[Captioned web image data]
===
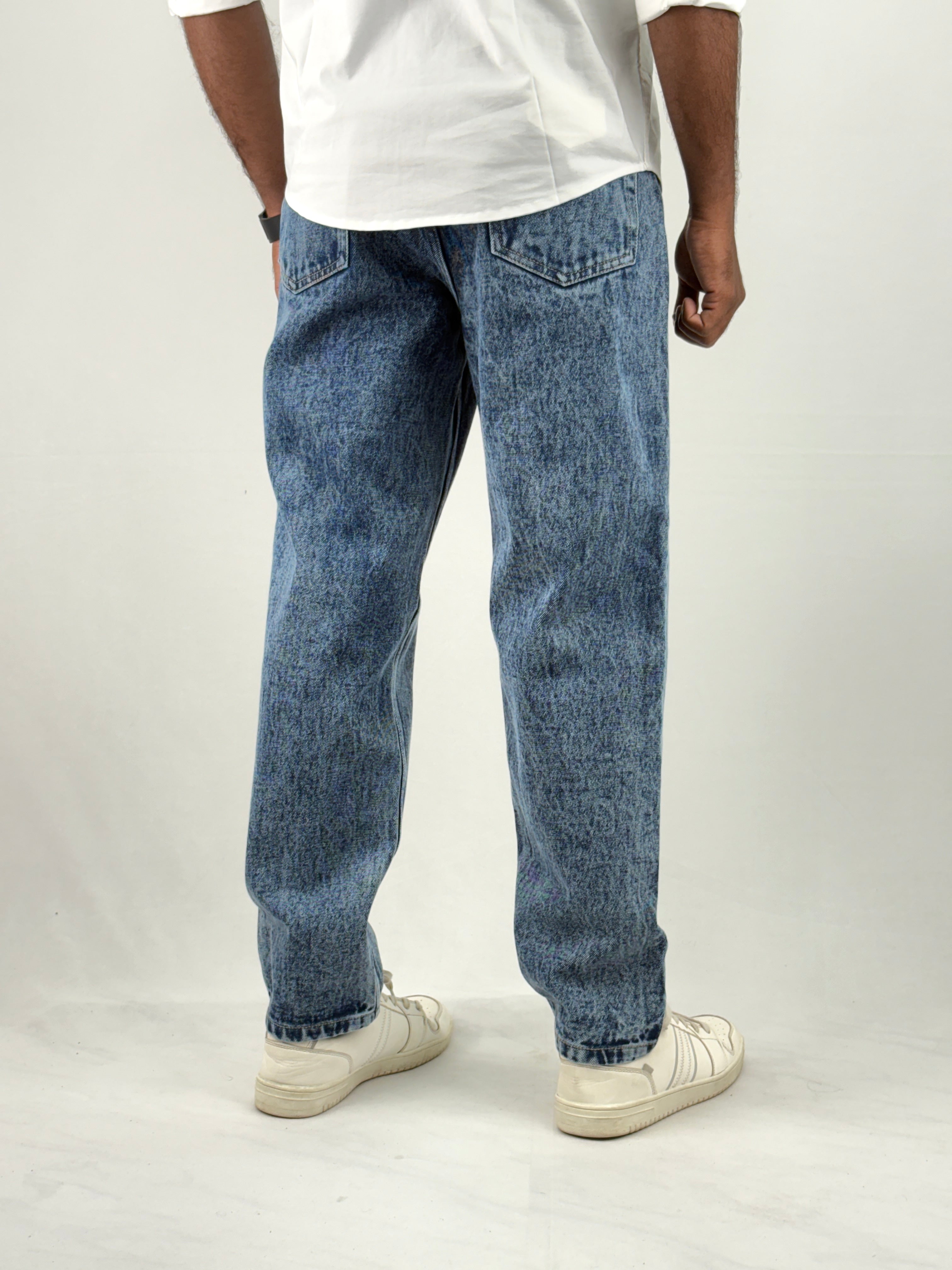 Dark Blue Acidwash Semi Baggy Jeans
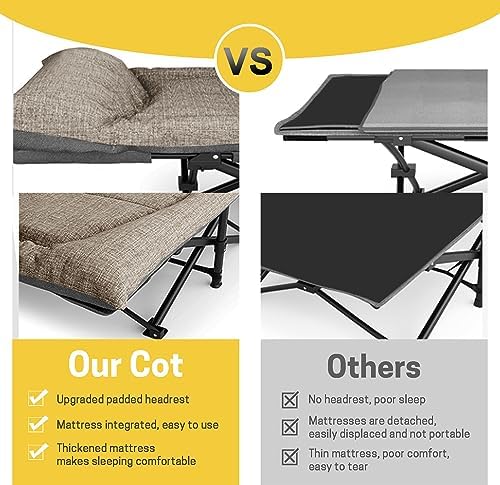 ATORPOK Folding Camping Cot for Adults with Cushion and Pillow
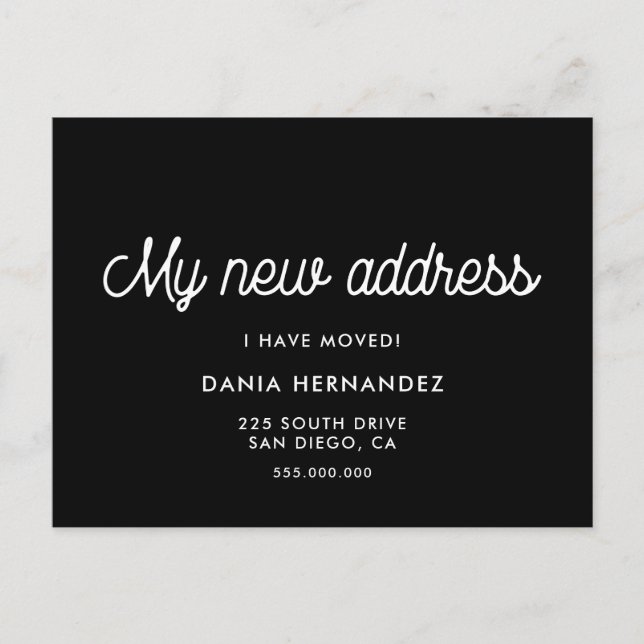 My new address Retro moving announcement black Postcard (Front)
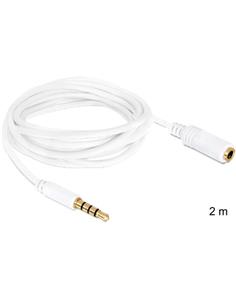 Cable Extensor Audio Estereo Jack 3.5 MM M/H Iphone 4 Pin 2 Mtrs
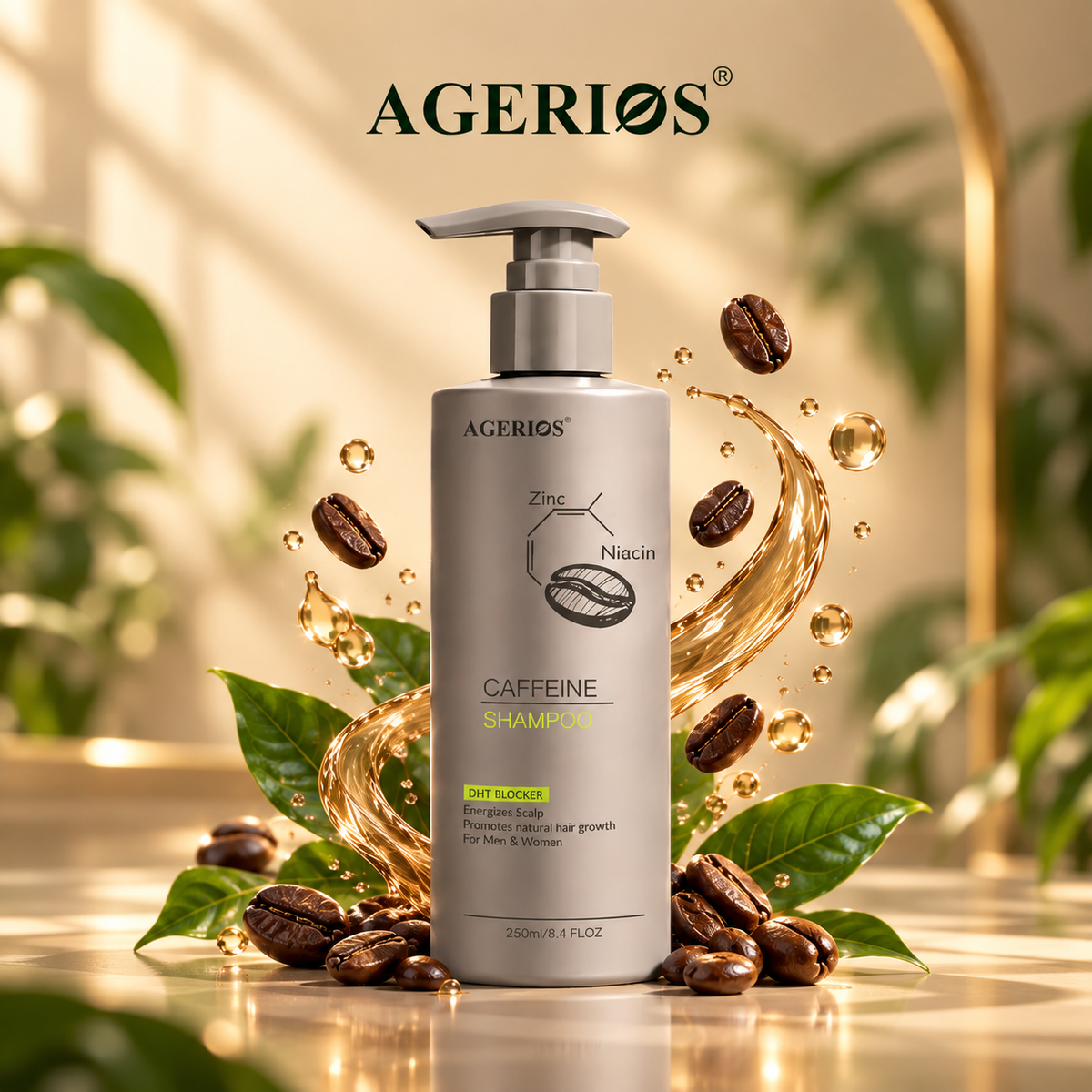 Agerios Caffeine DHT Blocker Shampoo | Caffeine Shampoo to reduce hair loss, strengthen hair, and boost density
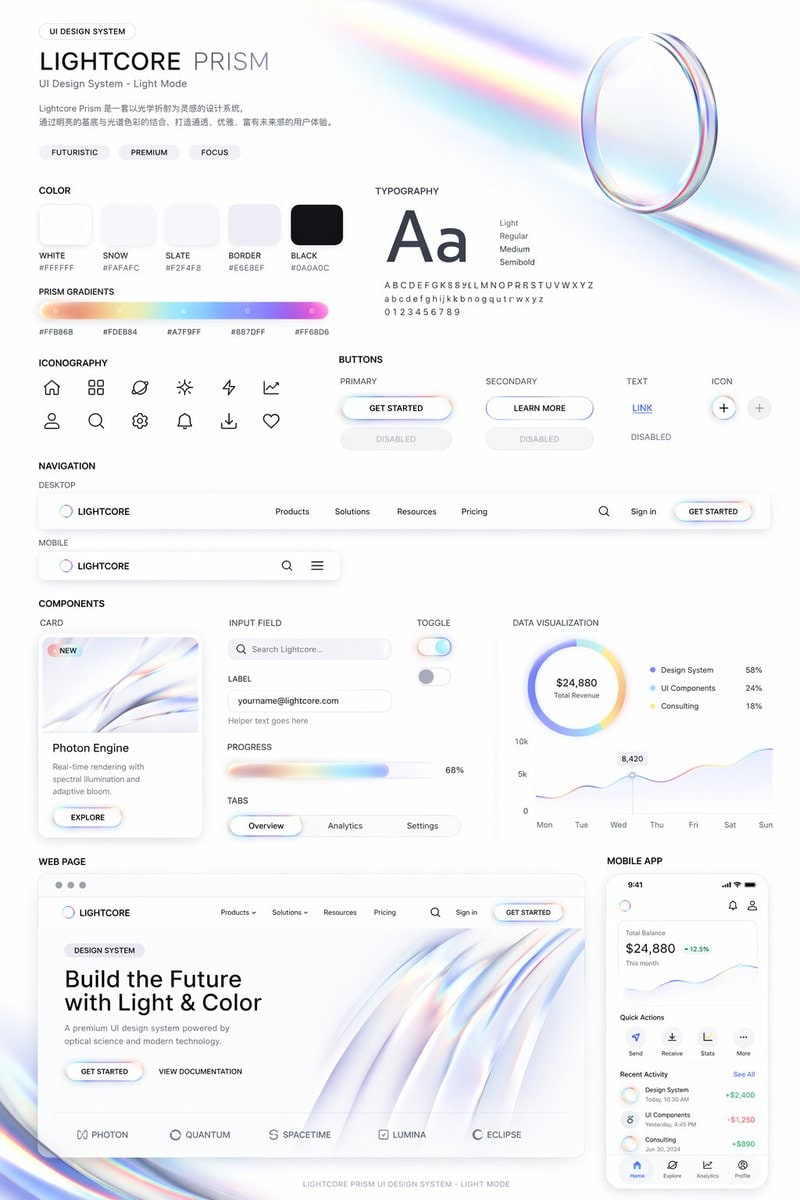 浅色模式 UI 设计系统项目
===
Your task: Print only the lines running from the one containing "Cable Extensor Audio" to the end of the data above, exactly; include no pictures.

Reply:
 Cable Extensor Audio Estereo Jack 3.5 MM M/H Iphone 4 Pin 2 Mtrs
 Agerios Caffeine DHT Blocker Shampoo | Caffeine Shampoo to reduce hair loss, strengthen hair, and boost density
 浅色模式 UI 设计系统项目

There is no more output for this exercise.